Vacher parle de la mort avec lucidité sans jamais tomber dans le piège du « ventriloque manipulant à son gré une marionnette sans âme » (p. 25), sans jamais faire dire n’importe quoi à cette « grande muette » qu’est la mort. Bref, sans jamais tomber dans la facilité. Il réfléchit en tout honnêteté, admet ses propres contradictions, questionnements, peurs, regrets, peines : « la seule chose qui me fasse pleurer ces temps-ci, systématiquement et à chaque fois que j’y pense, c’est la perspective de déserter celle qui aura été le grand amour de ma vie, de l’abandonner à une solitude qu’elle ne souhaite pas » (p. 33-34), mais aussi ses souhaits, comme celui de voir ce même amour recueilli par une nouvelle personne, qui vivrait très longtemps (p. 34). Ce témoignage d’amour prend tout son sens, puisqu’il s’agit du seul aveu de ce genre. En effet, c’est le penseur qui prédomine tout au long de l’ouvrage.
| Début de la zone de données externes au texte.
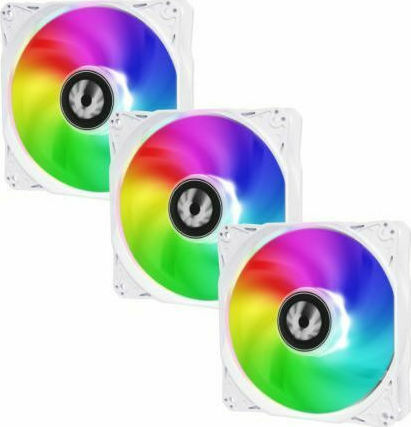 BitFenix Spectre SE Вентилатор За Кутия 120mm (1200rpm) с ARGB Осветление и Свързване 3-Pin 3бр Бял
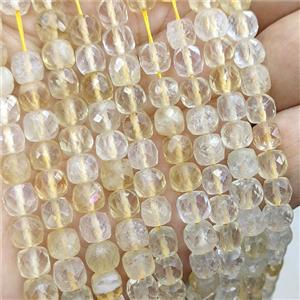 Natural Citrine Beads Faceted Cube, approx 6-7mm [GB25827]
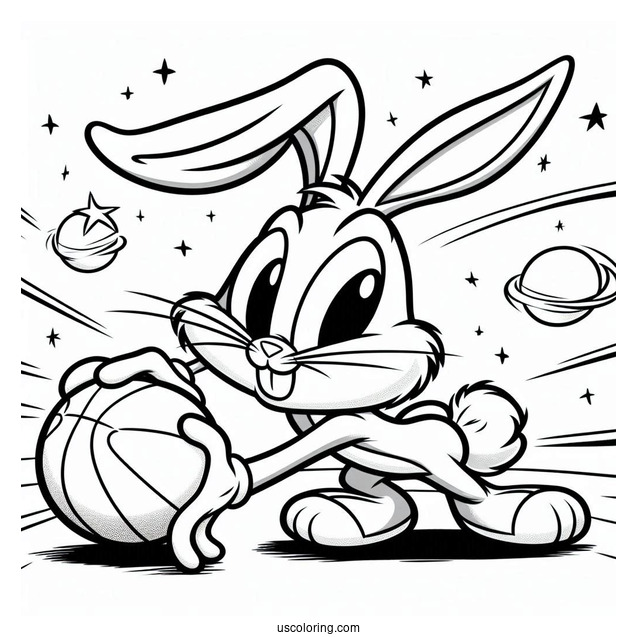 Bugs Bunny Dribbling Ball Coloring Page
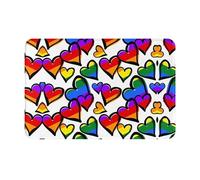 QAZWZML Zerbini colorati arcobaleno con cuori Gay Pride, tappetini di benvenuto, adatti per porte d'ingresso, cortili, cucine o bagni.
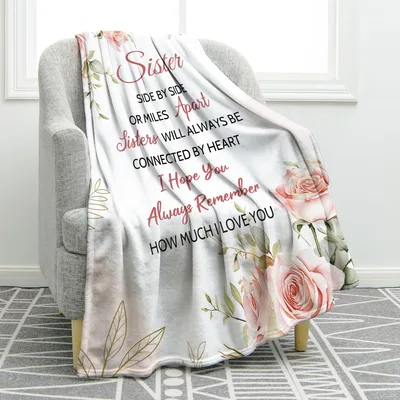 Sister Roses Sentiment Blanket featuring pink watercolor roses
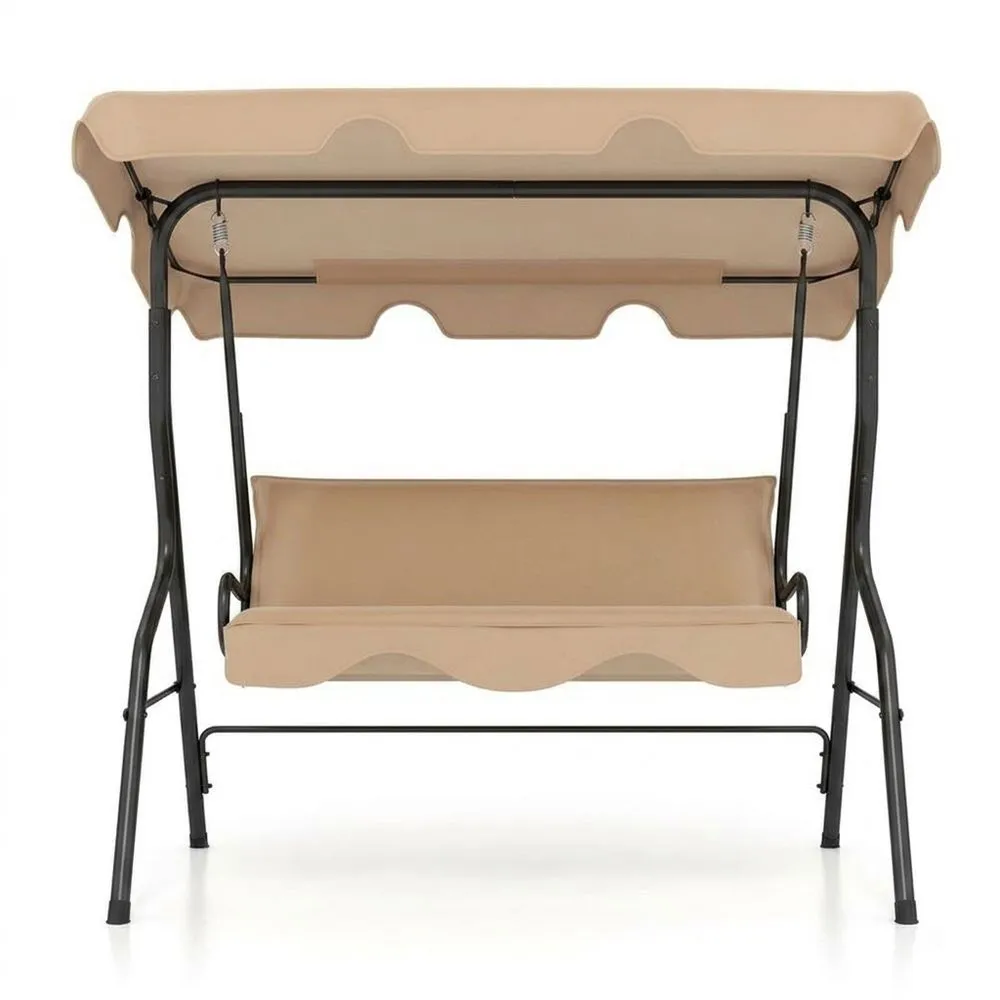 Dondolo da Giardino in Acciaio con Tettuccio e Seduta in Tessuto Beige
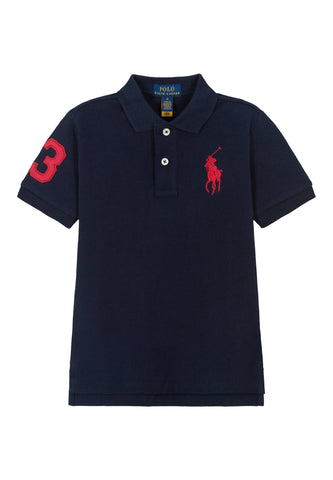 Çocuk Slim Fit Pamuklu Dantel Polo Tişört - Lacivert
Mais ce livre, divisé en trois parties, ne porte pas exclusivement sur la mort. Dans « Carnet devant la mort », l’auteur réfléchit sur la mort, en plus d’exposer la conception aussi originale qu’audacieuse d’une philosophie qui devrait, plutôt que de s’en détacher, s’allier à la science et qui devrait en finir avec la « valorisation de l’obscurité ». Dans cette même partie, les dernières lignes dénoncent les conditions et situations absurdes auxquelles sont confrontés les malades québécois. Dans « Fragments autobiographiques », il retrace son propre parcours et exprime en quoi les souverainistes l’ont fait changer d’idée par rapport à l’indépendance du Québec. Vacher y présente également sa définition de l’art et de la critique d’art. Sa définition de l’art, qui comprend quatre volets, implique une étude objective d’une œuvre tout en soumettant quelques critères qui tiennent compte du jugement de valeur. Toujours audacieusement, Vacher rejette toute conception de la postmodernité, notamment parce que la religion, qui est encore très présente de nos jours, lui apparaît au cœur même des conflits entre Anciens et Modernes. Il sera d’ailleurs fort intéressant pour le lecteur de mettre en parallèle ces propos sur l’art avec la dernière partie du livre « Mon vingtième siècle Matériaux pour un projet » où il trouvera une liste d’œuvres du XXe siècle, qui ont marqué l’auteur. Dans cette liste, la quasi absence d’œuvres littéraires québécoises est notable, mais il est aussi vrai que cette liste incomplète aurait pu être étoffée s’il avait mené à terme son projet.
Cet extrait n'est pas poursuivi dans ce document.